Your objective
Each line of the data below must be given again exactly as written.

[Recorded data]
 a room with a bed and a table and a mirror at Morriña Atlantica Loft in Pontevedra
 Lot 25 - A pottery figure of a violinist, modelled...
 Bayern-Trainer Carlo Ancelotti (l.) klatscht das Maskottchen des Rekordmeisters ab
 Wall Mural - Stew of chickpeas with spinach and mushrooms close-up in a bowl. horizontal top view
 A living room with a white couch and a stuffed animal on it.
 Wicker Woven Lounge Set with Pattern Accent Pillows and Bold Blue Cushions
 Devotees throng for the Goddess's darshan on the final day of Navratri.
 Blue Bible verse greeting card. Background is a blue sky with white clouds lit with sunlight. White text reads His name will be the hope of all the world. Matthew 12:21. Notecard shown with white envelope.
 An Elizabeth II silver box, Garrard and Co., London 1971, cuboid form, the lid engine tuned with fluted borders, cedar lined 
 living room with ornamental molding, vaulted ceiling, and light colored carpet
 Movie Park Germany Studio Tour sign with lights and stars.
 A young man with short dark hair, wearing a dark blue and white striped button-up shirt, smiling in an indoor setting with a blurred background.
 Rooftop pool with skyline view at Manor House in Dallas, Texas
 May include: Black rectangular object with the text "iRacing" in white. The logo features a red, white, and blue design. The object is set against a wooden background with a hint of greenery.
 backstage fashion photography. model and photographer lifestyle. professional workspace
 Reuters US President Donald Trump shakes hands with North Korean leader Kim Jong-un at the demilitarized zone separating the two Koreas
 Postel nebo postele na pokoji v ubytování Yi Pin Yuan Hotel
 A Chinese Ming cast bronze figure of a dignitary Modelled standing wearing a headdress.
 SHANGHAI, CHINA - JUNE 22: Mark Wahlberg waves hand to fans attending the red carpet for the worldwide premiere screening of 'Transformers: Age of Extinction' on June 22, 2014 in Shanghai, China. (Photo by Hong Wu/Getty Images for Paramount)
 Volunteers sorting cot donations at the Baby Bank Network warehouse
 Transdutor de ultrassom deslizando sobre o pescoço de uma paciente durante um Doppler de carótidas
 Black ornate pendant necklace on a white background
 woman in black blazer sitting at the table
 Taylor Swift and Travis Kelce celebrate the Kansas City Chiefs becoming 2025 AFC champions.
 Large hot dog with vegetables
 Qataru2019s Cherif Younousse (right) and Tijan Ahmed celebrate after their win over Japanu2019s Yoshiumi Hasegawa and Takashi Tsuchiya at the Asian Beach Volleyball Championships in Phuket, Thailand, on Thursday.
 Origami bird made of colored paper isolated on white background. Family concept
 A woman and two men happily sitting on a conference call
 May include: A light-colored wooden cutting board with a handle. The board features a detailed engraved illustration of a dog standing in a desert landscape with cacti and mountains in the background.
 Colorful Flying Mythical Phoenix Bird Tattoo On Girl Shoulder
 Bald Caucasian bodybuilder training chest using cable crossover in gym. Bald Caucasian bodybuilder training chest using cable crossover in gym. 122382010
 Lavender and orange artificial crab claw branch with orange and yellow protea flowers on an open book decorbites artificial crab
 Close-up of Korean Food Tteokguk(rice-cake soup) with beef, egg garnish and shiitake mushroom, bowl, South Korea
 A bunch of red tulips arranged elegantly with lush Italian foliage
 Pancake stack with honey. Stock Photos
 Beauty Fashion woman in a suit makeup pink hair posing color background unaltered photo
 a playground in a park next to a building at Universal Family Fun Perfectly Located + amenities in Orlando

Expected answer
 a room with a bed and a table and a mirror at Morriña Atlantica Loft in Pontevedra
 Lot 25 - A pottery figure of a violinist, modelled...
 Bayern-Trainer Carlo Ancelotti (l.) klatscht das Maskottchen des Rekordmeisters ab
 Wall Mural - Stew of chickpeas with spinach and mushrooms close-up in a bowl. horizontal top view
 A living room with a white couch and a stuffed animal on it.
 Wicker Woven Lounge Set with Pattern Accent Pillows and Bold Blue Cushions
 Devotees throng for the Goddess's darshan on the final day of Navratri.
 Blue Bible verse greeting card. Background is a blue sky with white clouds lit with sunlight. White text reads His name will be the hope of all the world. Matthew 12:21. Notecard shown with white envelope.
 An Elizabeth II silver box, Garrard and Co., London 1971, cuboid form, the lid engine tuned with fluted borders, cedar lined 
 living room with ornamental molding, vaulted ceiling, and light colored carpet
 Movie Park Germany Studio Tour sign with lights and stars.
 A young man with short dark hair, wearing a dark blue and white striped button-up shirt, smiling in an indoor setting with a blurred background.
 Rooftop pool with skyline view at Manor House in Dallas, Texas
 May include: Black rectangular object with the text "iRacing" in white. The logo features a red, white, and blue design. The object is set against a wooden background with a hint of greenery.
 backstage fashion photography. model and photographer lifestyle. professional workspace
 Reuters US President Donald Trump shakes hands with North Korean leader Kim Jong-un at the demilitarized zone separating the two Koreas
 Postel nebo postele na pokoji v ubytování Yi Pin Yuan Hotel
 A Chinese Ming cast bronze figure of a dignitary Modelled standing wearing a headdress.
 SHANGHAI, CHINA - JUNE 22: Mark Wahlberg waves hand to fans attending the red carpet for the worldwide premiere screening of 'Transformers: Age of Extinction' on June 22, 2014 in Shanghai, China. (Photo by Hong Wu/Getty Images for Paramount)
 Volunteers sorting cot donations at the Baby Bank Network warehouse
 Transdutor de ultrassom deslizando sobre o pescoço de uma paciente durante um Doppler de carótidas
 Black ornate pendant necklace on a white background
 woman in black blazer sitting at the table
 Taylor Swift and Travis Kelce celebrate the Kansas City Chiefs becoming 2025 AFC champions.
 Large hot dog with vegetables
 Qataru2019s Cherif Younousse (right) and Tijan Ahmed celebrate after their win over Japanu2019s Yoshiumi Hasegawa and Takashi Tsuchiya at the Asian Beach Volleyball Championships in Phuket, Thailand, on Thursday.
 Origami bird made of colored paper isolated on white background. Family concept
 A woman and two men happily sitting on a conference call
 May include: A light-colored wooden cutting board with a handle. The board features a detailed engraved illustration of a dog standing in a desert landscape with cacti and mountains in the background.
 Colorful Flying Mythical Phoenix Bird Tattoo On Girl Shoulder
 Bald Caucasian bodybuilder training chest using cable crossover in gym. Bald Caucasian bodybuilder training chest using cable crossover in gym. 122382010
 Lavender and orange artificial crab claw branch with orange and yellow protea flowers on an open book decorbites artificial crab
 Close-up of Korean Food Tteokguk(rice-cake soup) with beef, egg garnish and shiitake mushroom, bowl, South Korea
 A bunch of red tulips arranged elegantly with lush Italian foliage
 Pancake stack with honey. Stock Photos
 Beauty Fashion woman in a suit makeup pink hair posing color background unaltered photo
 a playground in a park next to a building at Universal Family Fun Perfectly Located + amenities in Orlando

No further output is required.